Generalized schematic of the hydrogen refuelling infrastructure

The physical boundaries of the refuelling stations encompass relevant input flows: electricity, water supply (for electrolyser), external hydrogen supply (as a by-product of a chemical plant). The amount of hydrogen dispensed to the bus is the reference flow and, hence, the functional unit of the HRI.

Table 1 shows the energy demand of individual dispensers, and Table 2 summarizes the intervening processes. The reported values are normalized with respect to 1 kg of hydrogen produced or dispensed to the bus. Three individual unit processes, one for each hydrogen path, have been conceived and implemented, based on the above-collected data. It is worth to underscore that the differences in electricity demand at the refuelling station are mainly due to different dispenser unit configuration and setup, thus leading to specific energy demand to power the station.

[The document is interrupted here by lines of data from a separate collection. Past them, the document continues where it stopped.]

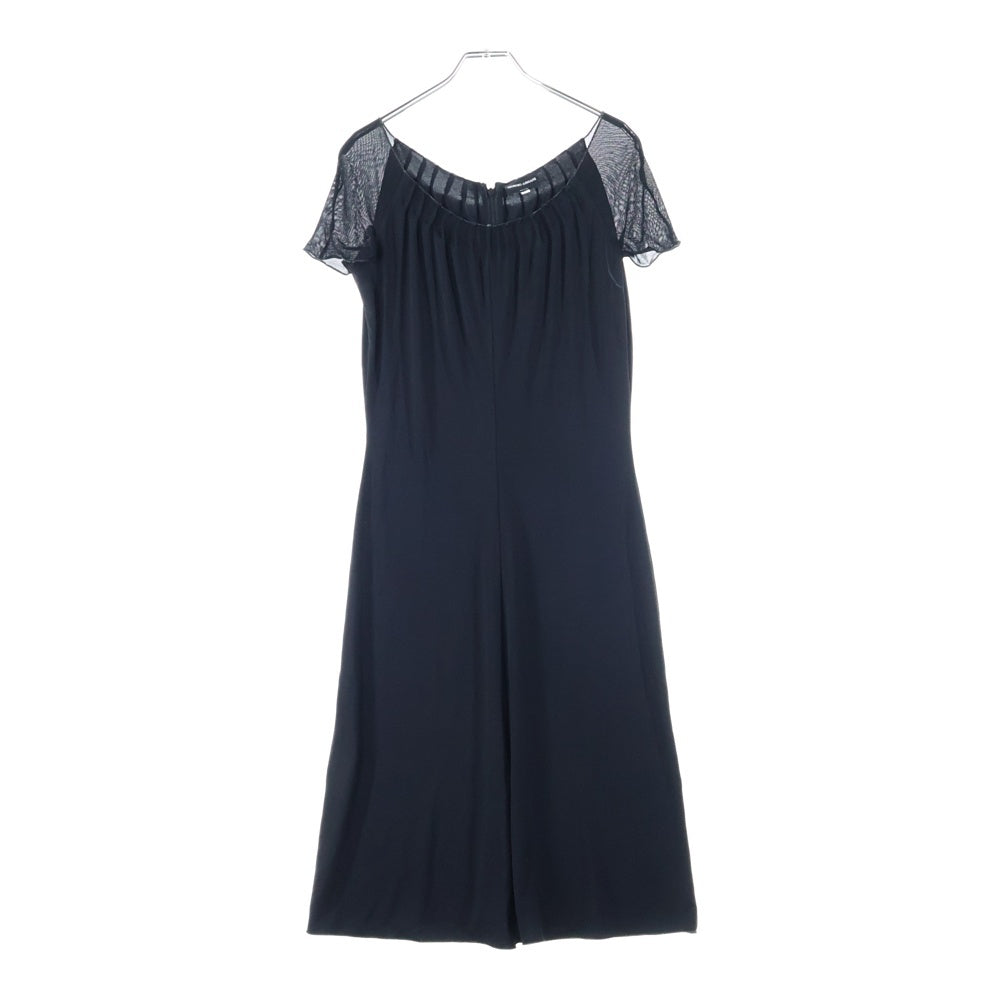 GIORGIO ARMANI(ジョルジオアルマーニ) バックジップ 半袖ワンピース ブラック レディース 〇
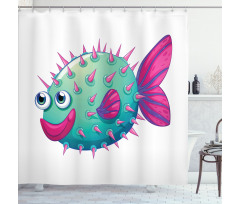 Vibrant Color Bubble Fish Shower Curtain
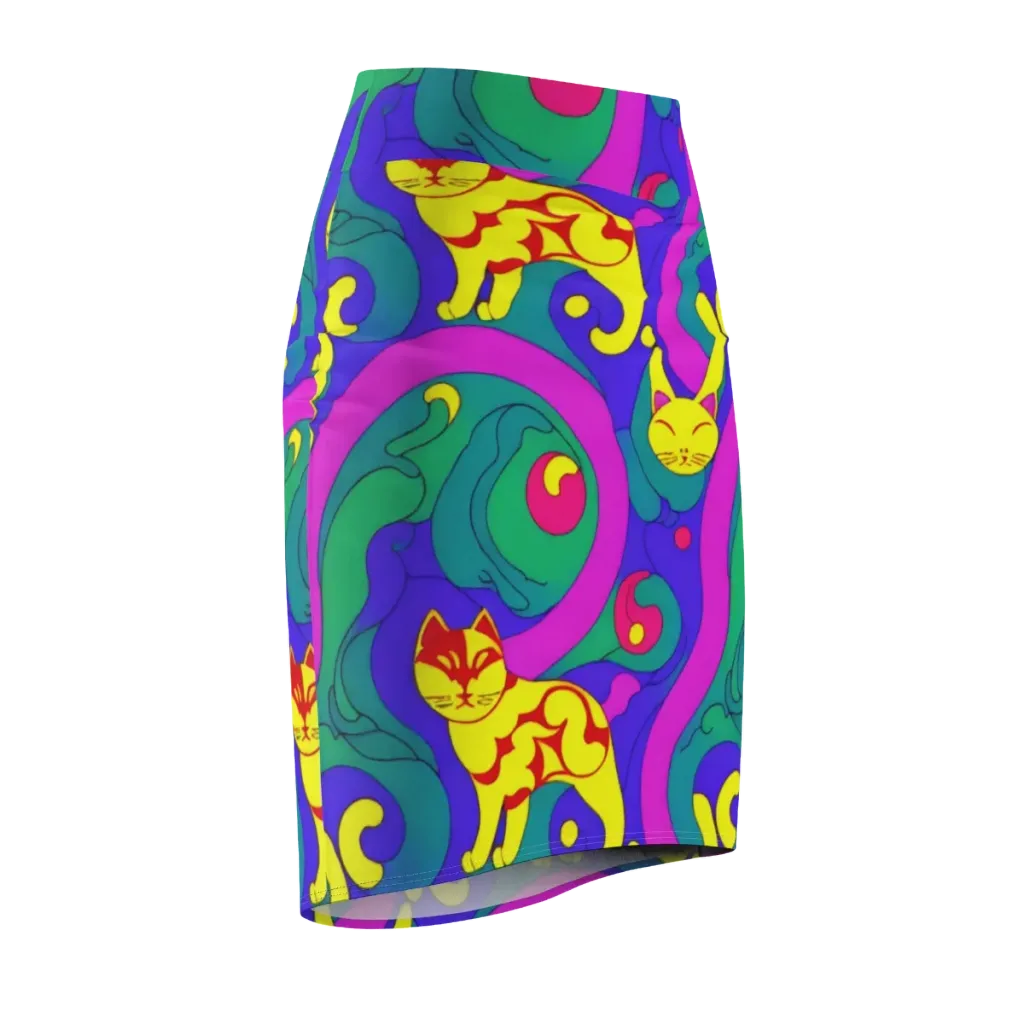 Neon Cat’s Cradle on Pencil Skirt — Front Side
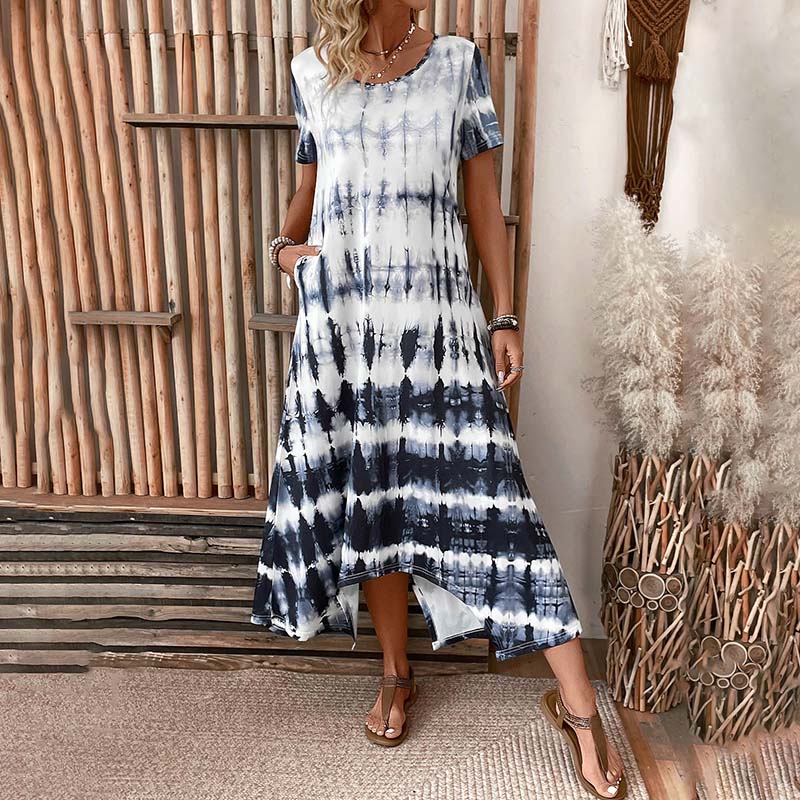 Dam Klänning Vintage Cirkulär Halsringning Mönster Högkvalitativt Tyg-3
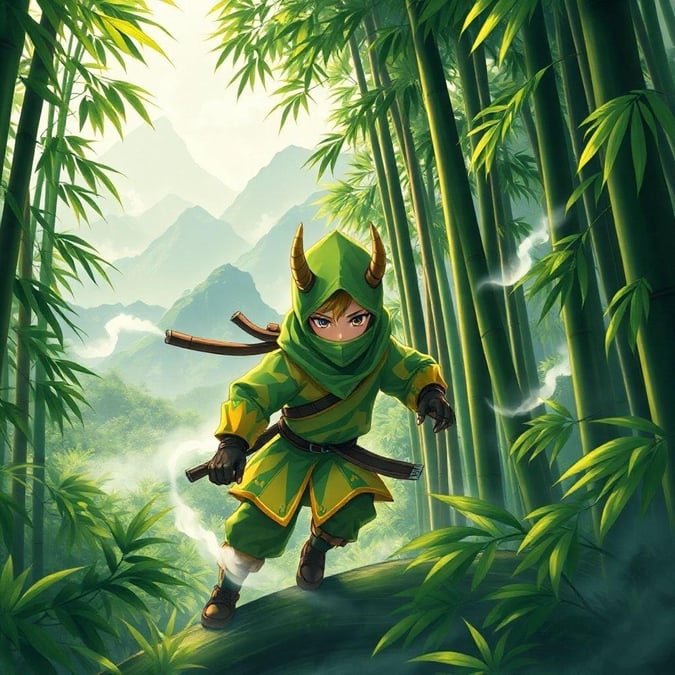 Dieser Anime-Stil Hintergrund zeigt einen jungen Ninja, der durch einen üppigen, dichten Wald aus hohen Bambusbäumen schleicht und eine fesselnde und fesselnde Szene schafft.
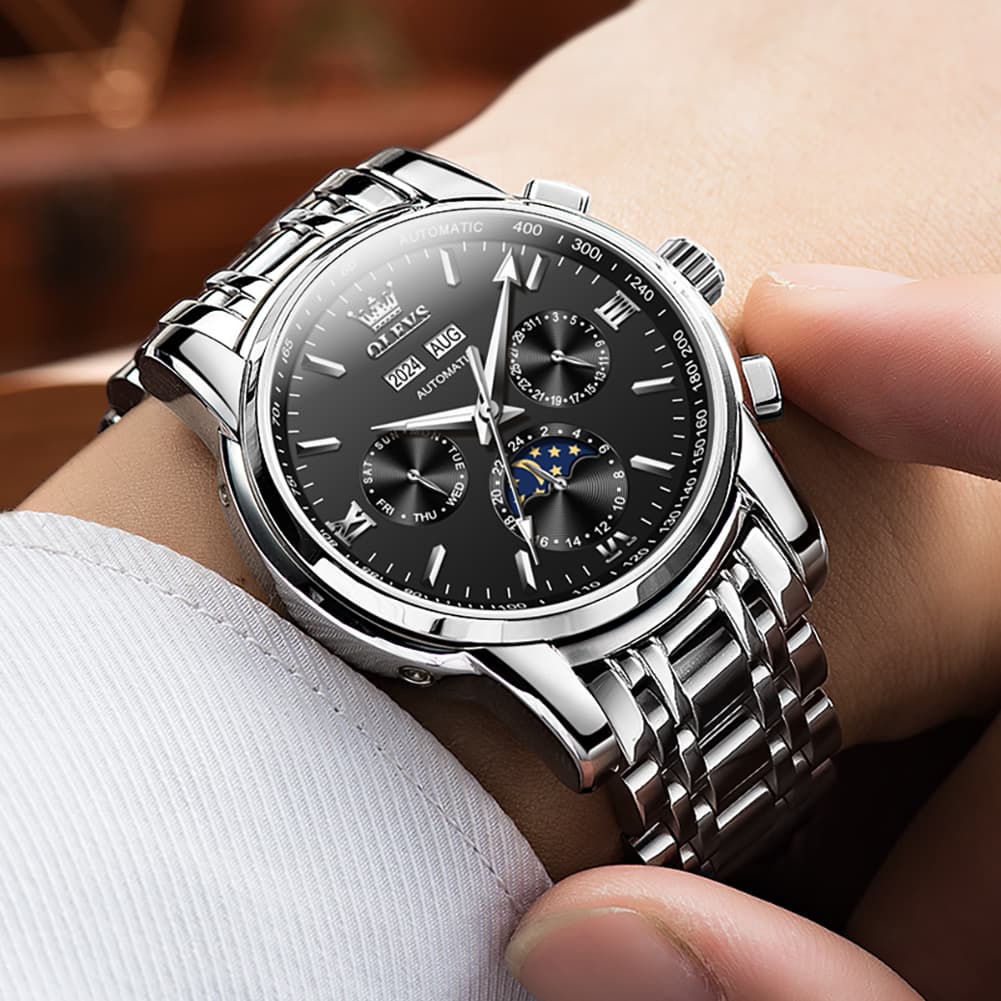 OLEVS 6633 Stainless Steel Mechanical Moon Phase Watch for Men - All Black Watch | Olevs Watch Store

Table 1 Hydrogen refuelling unit (HRU) energy demand
Table 2 Hydrogen production unit (HPU) product system summary, components' demand factors and inventory data sources

HRI with on-site water electrolyser. The process is modelled using project data on the electrolier performance and energy used to power the plant. The material and energy used to build the station are based on information gathered from Aberdeen site and from literature [72]. The plant consists of three HySTAT™60 electrolyser, capable of producing 360 kg of hydrogen per day, two compressors and a 420-kg storage unit. The hydrogen generating unit is based on the principles of alkaline water electrolysis. In alkaline electrolysis the reaction occurs in a solution composed of water and liquid electrolyte (30% potassium hydroxide, KOH) between two electrodes. When a sufficient voltage is applied between the two electrodes, at the cathode water molecules take electrons to make OH ions and H2 molecule. OH ions travel through the 30% KOH electrolyte towards the anode where they combine and give up their extra electrons to make water, electrons and O2. The recombination of hydrogen and oxygen at this stage is avoided by means of the highly efficient and patented IMET® ion-exchange membrane. The gases produced are cooled, purified, compressed and stored. The alkaline cell inventory, including the stack arrangement, and additional balance of plant required to turn an AFC stack into a functional unit, is calculated from Staffell and Ingram [64]. The compressor data are based on [42] who elaborated the inventory for a hydrogen refuelling station from HydroStaoil assembled in Reykjavik. The energy demand of the plant is the following: the hydrogen production unit (HPU) requires 70.41 KWh/KgH2, the dispenser 7.45 KWh/KgH2. The values are collected from the infrastructure performance figures delivered by Aberdeen City Council on a monthly basis.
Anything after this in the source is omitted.